Sift through the material below and return the lines with "this".
DATA SECTION: Begin
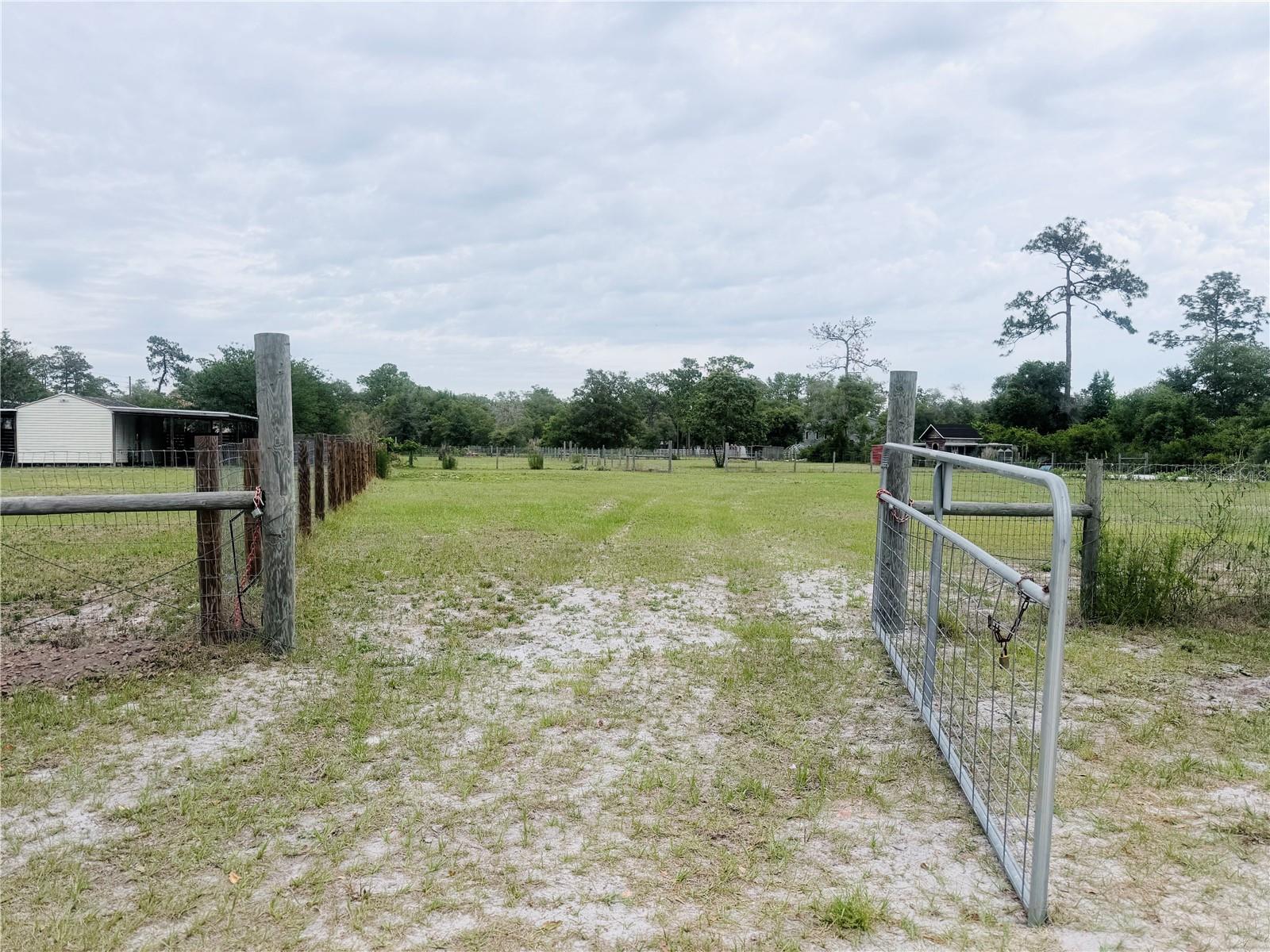 Beautiful, completely cleared and fenced lot ready for you to build your dream home!
Conveniently located in a desirable agricultural area, this property offers endless possibilities. Bring your farm animals and build your block, manufactured, or mobile home. The property features a 24x24 cement slab for added convenience and future potential.
Enjoy peaceful country living while still being just about 10 minutes from Walmart Supercenter, medical offices, restaurants, gas stations, and more. Don’t miss this amazing opportunity to own your piece of land!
DATA SECTION: End
- [THE ANSWER]
Conveniently located in a desirable agricultural area, this property offers endless possibilities. Bring your farm animals and build your block, manufactured, or mobile home. The property features a 24x24 cement slab for added convenience and future potential.
Enjoy peaceful country living while still being just about 10 minutes from Walmart Supercenter, medical offices, restaurants, gas stations, and more. Don’t miss this amazing opportunity to own your piece of land!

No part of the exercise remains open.